Entretien instructif et décapant avec le frère Emidio-Marie, auteur de La bourse ou la vie? (éditions de l’Emmanuel)
Ilestvivant « Dieu et l’Argent : On ne peut avoir deux maîtres » (Mt 6, 24). Jésus a-t-il un problème avec l’argent ?
Frère Emidio-Marie Évitons d’emblée tout malentendu, il n’y a pas, dans l’Évangile, un discours de condamnation de l’argent ou des biens en tant que tels. La doctrine sociale de l’Église par exemple, n’est pas contre la propriété privée. Mais elle rappelle que nous ne sommes que des administrateurs.
Dans l’Ancien Testament, il y a même une vision positive des biens et de la richesse : Dieu bénit le juste et donne largement de quoi vivre (à Abraham, à Salomon, etc.). Cette bénédiction est toutefois liée à la fidélité à l’Alliance. Les prophètes s’en prennent en effet dans le même temps à ceux qui accumulent les richesses et écrasent les pauvres. La Bible invite à une prudence vis-à-vis de l’argent car il est un symbole puissant : le symbole de toutes les autres idoles.
Dans l’Évangile, Luc écrit d’ailleurs le mot “Argent” avec un A majuscule car celui-ci peut très rapidement se substituer à Dieu et rendre l’homme esclave. Lorsque l’argent prend une place démesurée dans notre vie, il nous empêche d’atteindre le but en vue duquel nous avons été créés : l’amour de Dieu et l’amour du prochain. Le but de notre vie, ce n’est pas l’argent, c’est Dieu.

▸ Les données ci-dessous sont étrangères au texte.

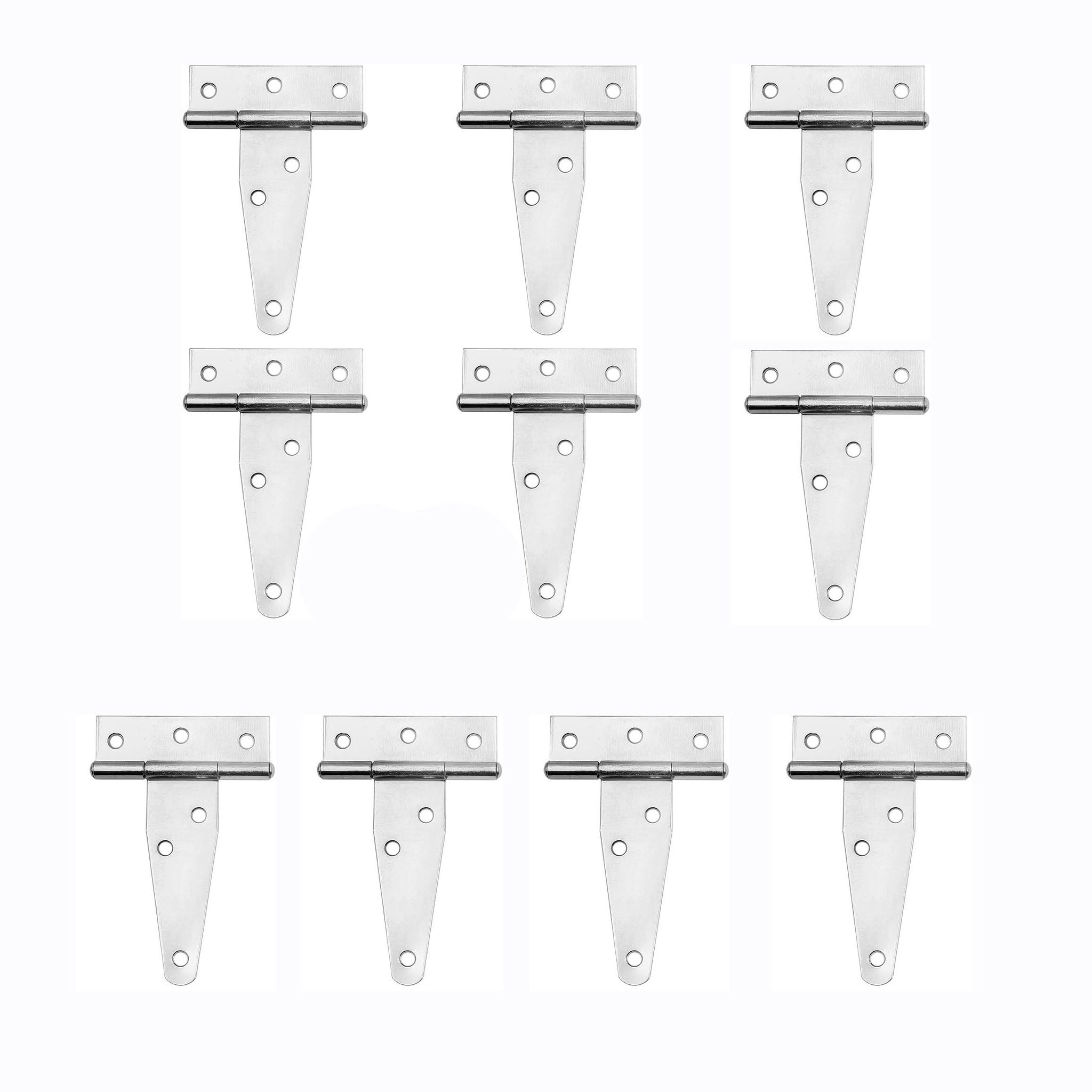 Charnières Galvanisées - 10 Pièces Charnière En T Robuste En Blanc Zinc Avec Vis, Blanc Zinc, 3 Inch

IEV Vous avez publié un livre sur le détachement par rapport aux biens. Pourquoi ?
EM J’ai prêché pendant 18 ans des retraites sur ce thème. Ce livre en est le fruit. Depuis 21 ans, en tant que prêtre, j’exerce un ministère de confession et d’écoute. J’ai rencontré beaucoup de chrétiens qui se disent détachés par rapport aux biens et à l’argent et ils le croient sincèrement. Mais en réalité, ils ne le sont pas encore. Ils ont vraiment rencontré le Seigneur, ce qui les a amenés à vivre certains renoncements. Mais leur cœur est encore partagé : Dieu n’est pas l’Unique pour eux. Ce livre a pour but de les aider à choisir vraiment Dieu pour maître et à rejeter Mammon, l’anti-Dieu par excellence, afin de laisser Dieu agir pleinement en eux et à travers eux.
Par ailleurs, beaucoup pensent : « Le détachement, c’est bien, mais pour les religieux ! » Je crois à l’inverse que c’est un appel qui s’adresse à tout homme, quel que soit son état de vie, pour avancer vers la sainteté. C’est pourquoi j’ai conçu ce livre comme un vrai parcours de conversion.
IEV Être au clair sur notre rapport à l’argent et aux biens serait donc essentiel pour grandir en sainteté ?
EM Exactement. Faire le point sur notre relation à l’argent et aux biens nous permet de prendre conscience de nos idoles : à quels biens suis-je attaché de façon désordonnée, qui m’empêchent de m’attacher à Dieu seul ?
IEV Pour choisir véritablement le Seigneur comme l’Unique, vous conseillez à chacun d’entre nous de poser un geste concret de détachement…
EM En effet, il ne suffit pas de dire « Seigneur, Seigneur ». Il faut lui prouver notre attachement et notre disposition à renoncer à tout le reste pour le suivre. Il est évident que ce geste de renoncement aux biens n’est pas à envisager au tout début d’un chemin de foi (les personnes partiraient en courant !) mais après un certain temps de cheminement. Comment entendre la Parole : « Quitte tout, donne-le aux pauvres et suis le Christ », alors qu’on est désemparé, sans repères ? On a besoin d’abord qu’on nous annonce que Dieu nous aime et veut nous sauver.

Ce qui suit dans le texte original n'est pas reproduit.